KUALA LUMPUR: Lawyers representing the family of missing Pastor Raymond Koh today said there is “more than enough” evidence to raise reasonable suspicion about police involvement in his disappearance.
Jerald Gomez, in his oral submissions today at the Human Rights Commission of Malaysia (Suhakam) inquiry, highlighted several points which, he said, raised such suspicion.
Jerald noted contradictions in the gathering of evidence, in reference to testimonies given by former inspector-general of police Khalid Abu Bakar and Superintendent Hazril Kamis, an officer with the Special Task Force On Organised Crime (Stafoc).
In June 2017, Khalid reportedly said police found compelling evidence that pointed to Koh’s kidnapping following a shootout with a suspected drug and arms smuggler in Kedah on June 17.
Four people were arrested following the shootout and they were taken to Kuala Lumpur where they were remanded.
Senior Assistant Commissioner Fadzil Ahmat, who led the task force to investigate Koh’s disappearance, had previously said they were arrested in connection with Koh’s abduction and were handed over by the Kedah police.
Further investigations also led police to raid a house in Kampung Selarong, Pengkalan Hulu, Perak.
Hazril, who had led the first team to search the home of the man in Pengkalan Hulu, Perak, had told the inquiry that he had found the photographs when he searched the house.
“It is important to note that IGP Khalid testified and made it clear that the first team did not discover the photographs (of Koh, his house, and vehicle showing the number plate).
“It was the second team from Bukit Aman which investigated the dead suspect’s record and background and went back to the scene one or two days later that discovered the photographs,” he said, adding Khalid had confirmed this.
“Even the story that IGP Khalid narrated based on the finding of these photographs that there were four people in this group who were involved in the abduction of Pastor Koh, and the further storyline of the link to a group in Southern Thailand was flatly contradicted by Senior Assistant Commissioner Fadzil Ahmat, who led the task force, and Assistant Superintendent Supari, the investigating officer himself. They said these four people had nothing to do with the abduction.”
Due to these contradictions, Gomez raised the suspicion that the photographs could have been planted there, not discovered.
“That is why we have the various contradictions and the non-production of those photographs, although repeated requests were made by the chairman and the counsel,” he said.
Gomez further pointed out that the abduction of Koh was done below a minute by 15 masked men using seven vehicles.
“Based on the video, there were at least three black SUVs, a golden Toyota Vios and outriders in motorcycles involved in this special operation, including about 15 people, most of whom were in black outfits and balaclava with about three individuals in plain clothes.
“Clearly, this was not done by normal kidnappers but highly trained individuals,” he said.

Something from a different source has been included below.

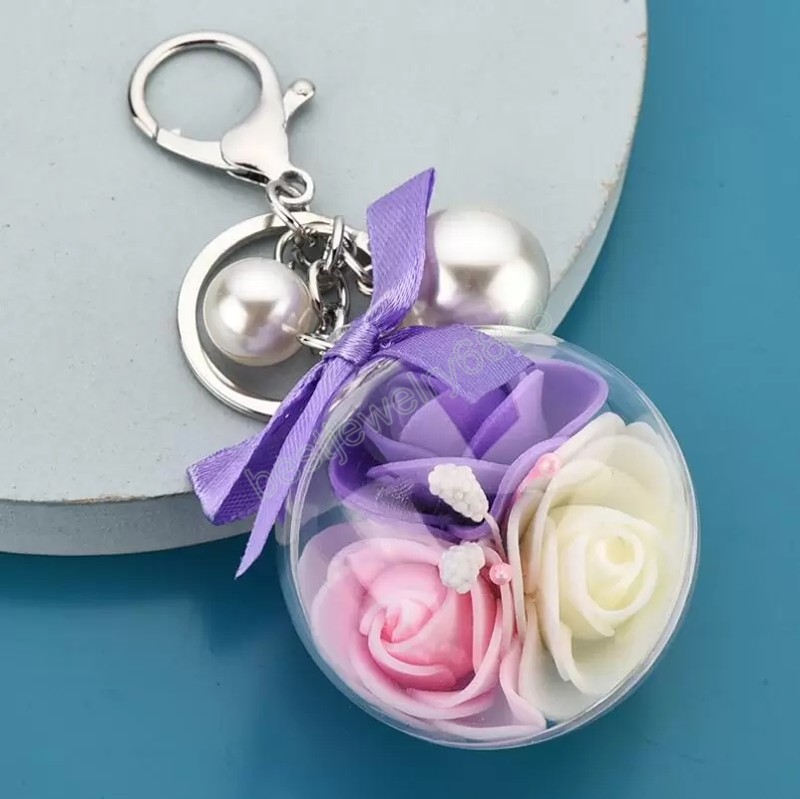 Fashion women Transparent Acrylic Ball Pendant keychains simulation rose flower Charms Pearl Lovely car bag Keychain Accessories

Koh was reportedly abducted on Feb 13, 2017 in Petaling Jaya by a group of men in a convoy of cars while on his way to meet a friend, while Perlis Hope founder Amri Che Mat went missing on Nov 24, 2016 after leaving his home, also to meet a friend.
Koh was allegedly being investigated for attempting to convert Muslims to Christianity while the authorities suspected Amri of spreading Shia teachings through his civil society group Perlis Hope.
Earlier in the proceedings, Koh’s family lawyer Gurdial Singh Nijhar asserted that the statement by Norhayati Ariffin, the wife of Amri Che Mat, should be used in Koh’s case, pointing to several similarities between both cases.
The similarities include long periods of surveillance, a reference to Bukit Aman being involved in both cases, as well as the objective for the purported abduction – with Koh supposedly involved in proselytising and Amri carrying out deviationist activities.
“There should not be prejudice because we are not accusing anyone. We are trying to establish the truth behind the alleged kidnapping, whether there is complicity by higher-ups in the country.
“For all these reasons, it would be prudent for us to admit that evidence without having to call the person and have her repeat this all over again,” he said.
At the close of today’s proceedings, Suhakam commissioner Mah Weng Kwai fixed April 3 for decision.
When met after the inquiry, Susanna Liew and Norhayati, the wives of Koh and Amri respectively, said they were more convinced than ever that their husbands were victims of enforced disappearance.
In moving forward, Liew expressed hope for a new investigation team, which would be “impartial, have powers to prosecute, arrest, and even carry out raids to get documents classified under the Official Secrets Act (OSA).”
Liew added that she had yet to get a reply following a memorandum she and Norhayati had submitted to Prime Minister Dr Mahathir Mohamad.